What the exercise asks - Carry none of the pictures over; write out the complete data exactly.

Source data -
# # #

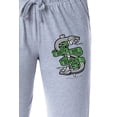 thumbnail image 3 of Riverdale Womens' CW TV Show Southside Serpents Sleep Pajama Pants, 3 of 5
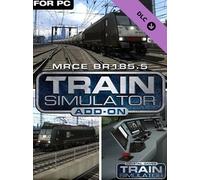 Train Simulator: MRCE BR 185.5 Loco Add-On (PC) - Steam Key - GLOBAL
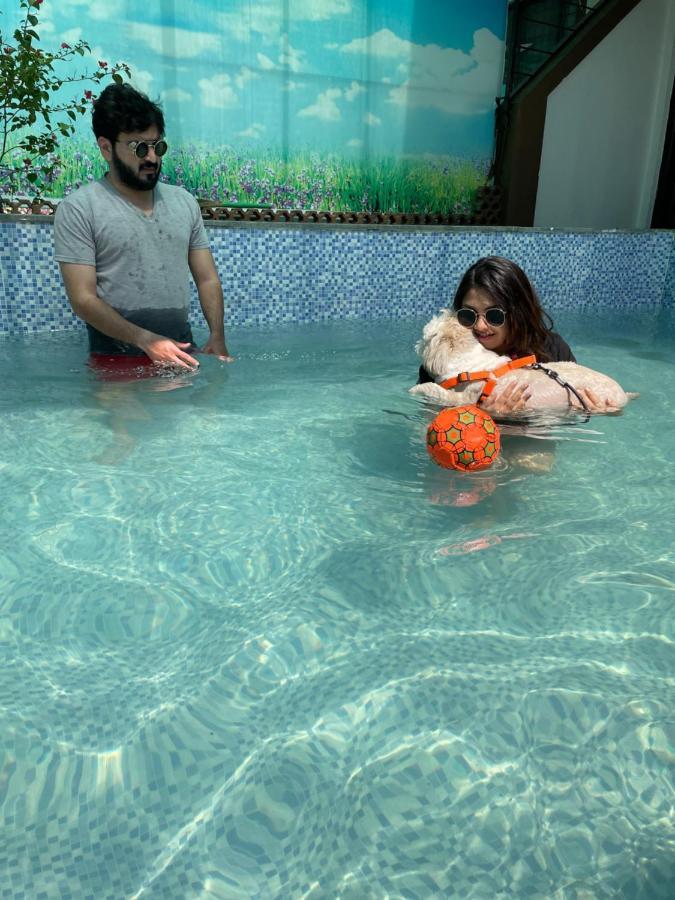 Villa Nature's Retreat Luxury Lonavala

# # #

Task answer -
 thumbnail image 3 of Riverdale Womens' CW TV Show Southside Serpents Sleep Pajama Pants, 3 of 5
 Train Simulator: MRCE BR 185.5 Loco Add-On (PC) - Steam Key - GLOBAL
 Villa Nature's Retreat Luxury Lonavala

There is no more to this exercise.